Work to be completed ▸
What should be copied is the stretch of entries below from the line with "Rick Owens SPHINX" up to and including the line with "Vista 30 de", exactly and without images.

Material provided ▸
··········

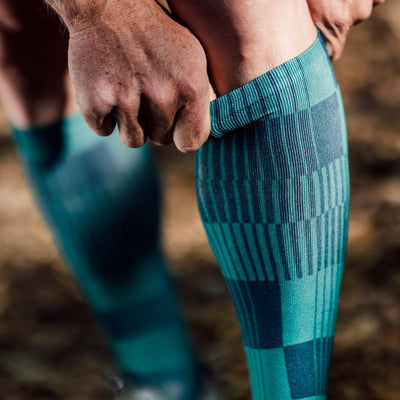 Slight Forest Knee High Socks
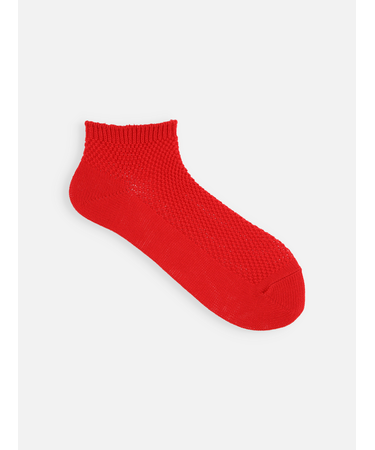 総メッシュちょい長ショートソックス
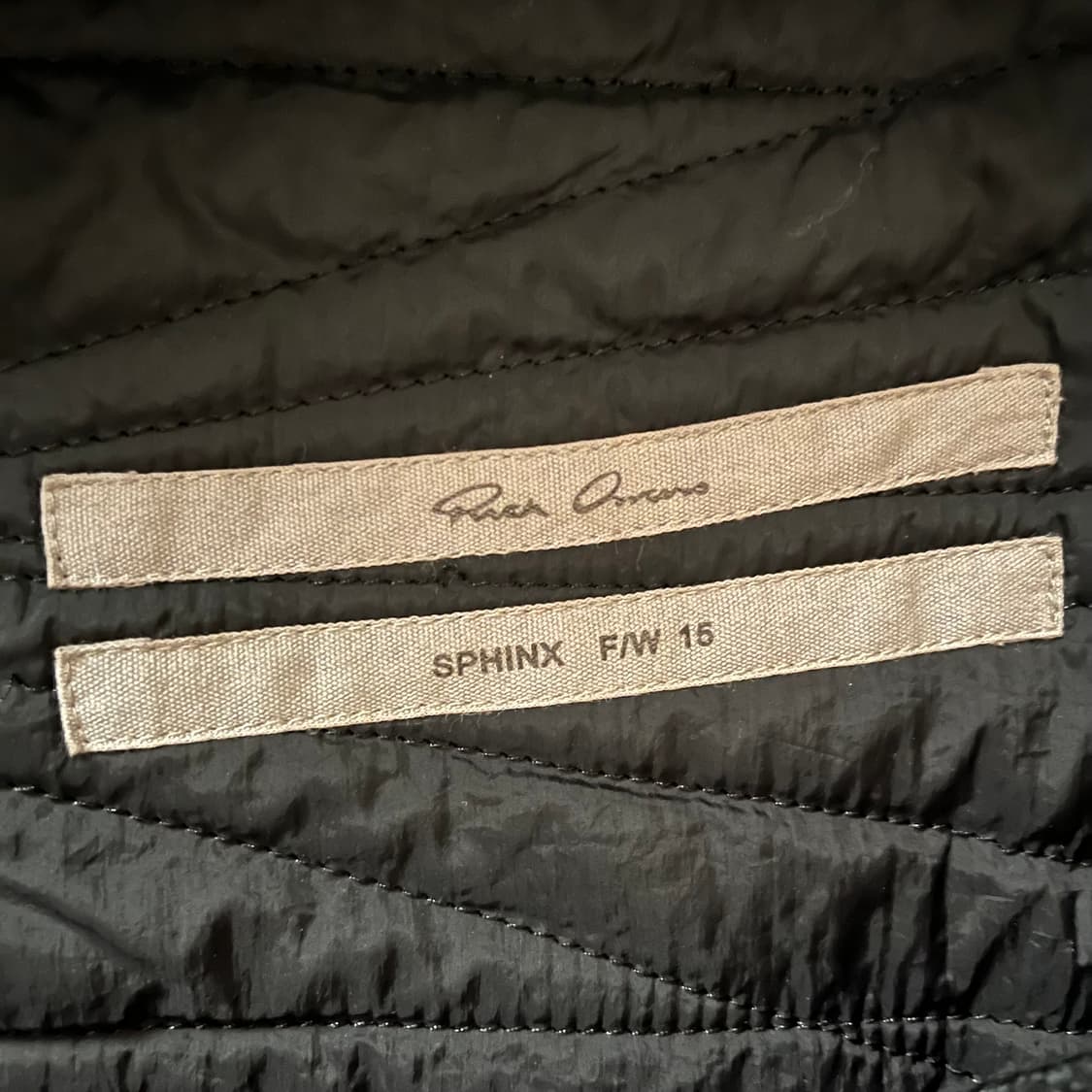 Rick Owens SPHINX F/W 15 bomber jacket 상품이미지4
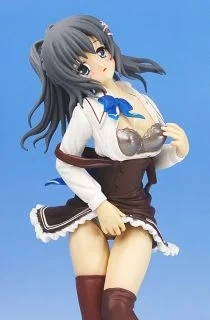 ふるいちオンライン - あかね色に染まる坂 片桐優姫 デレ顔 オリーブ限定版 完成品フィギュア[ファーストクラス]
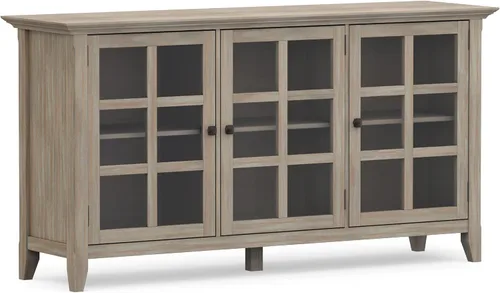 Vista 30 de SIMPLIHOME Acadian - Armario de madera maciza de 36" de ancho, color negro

··········

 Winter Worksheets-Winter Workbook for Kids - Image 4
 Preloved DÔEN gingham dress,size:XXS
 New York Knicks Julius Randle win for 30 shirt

··········

Response to this task ▸
 Rick Owens SPHINX F/W 15 bomber jacket 상품이미지4
 ふるいちオンライン - あかね色に染まる坂 片桐優姫 デレ顔 オリーブ限定版 完成品フィギュア[ファーストクラス]
 Vista 30 de SIMPLIHOME Acadian - Armario de madera maciza de 36" de ancho, color negro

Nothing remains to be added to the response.